About this exercise
Transcribe every line below exactly; no image goes into the output.

Information provided
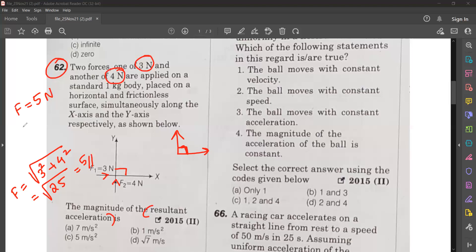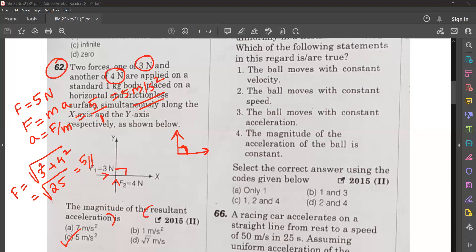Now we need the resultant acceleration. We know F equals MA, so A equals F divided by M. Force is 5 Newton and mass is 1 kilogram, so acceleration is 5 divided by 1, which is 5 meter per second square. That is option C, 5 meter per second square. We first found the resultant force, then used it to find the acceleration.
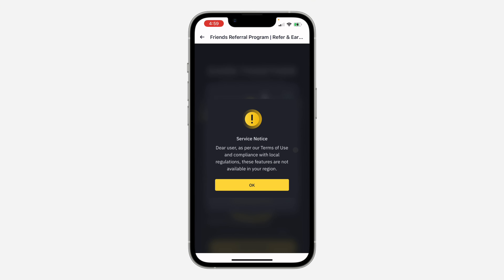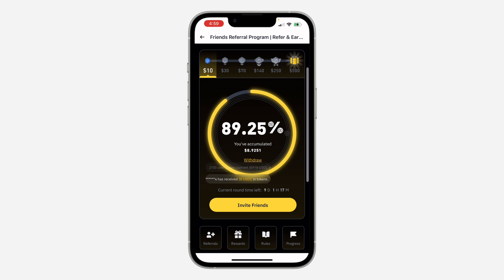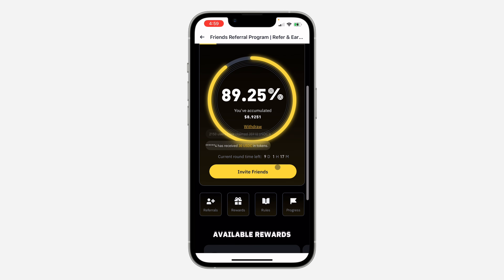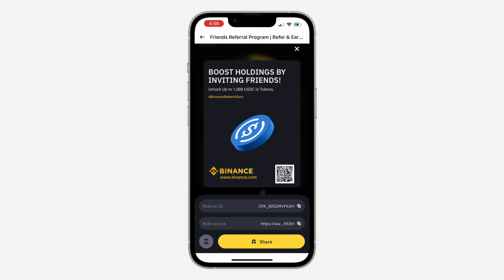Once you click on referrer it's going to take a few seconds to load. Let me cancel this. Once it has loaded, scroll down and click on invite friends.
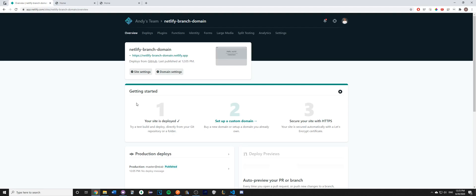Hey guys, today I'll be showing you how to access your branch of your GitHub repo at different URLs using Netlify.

Reply to the exercise
Now we need the resultant acceleration. We know F equals MA, so A equals F divided by M. Force is 5 Newton and mass is 1 kilogram, so acceleration is 5 divided by 1, which is 5 meter per second square. That is option C, 5 meter per second square. We first found the resultant force, then used it to find the acceleration.
Once you click on referrer it's going to take a few seconds to load. Let me cancel this. Once it has loaded, scroll down and click on invite friends.
Hey guys, today I'll be showing you how to access your branch of your GitHub repo at different URLs using Netlify.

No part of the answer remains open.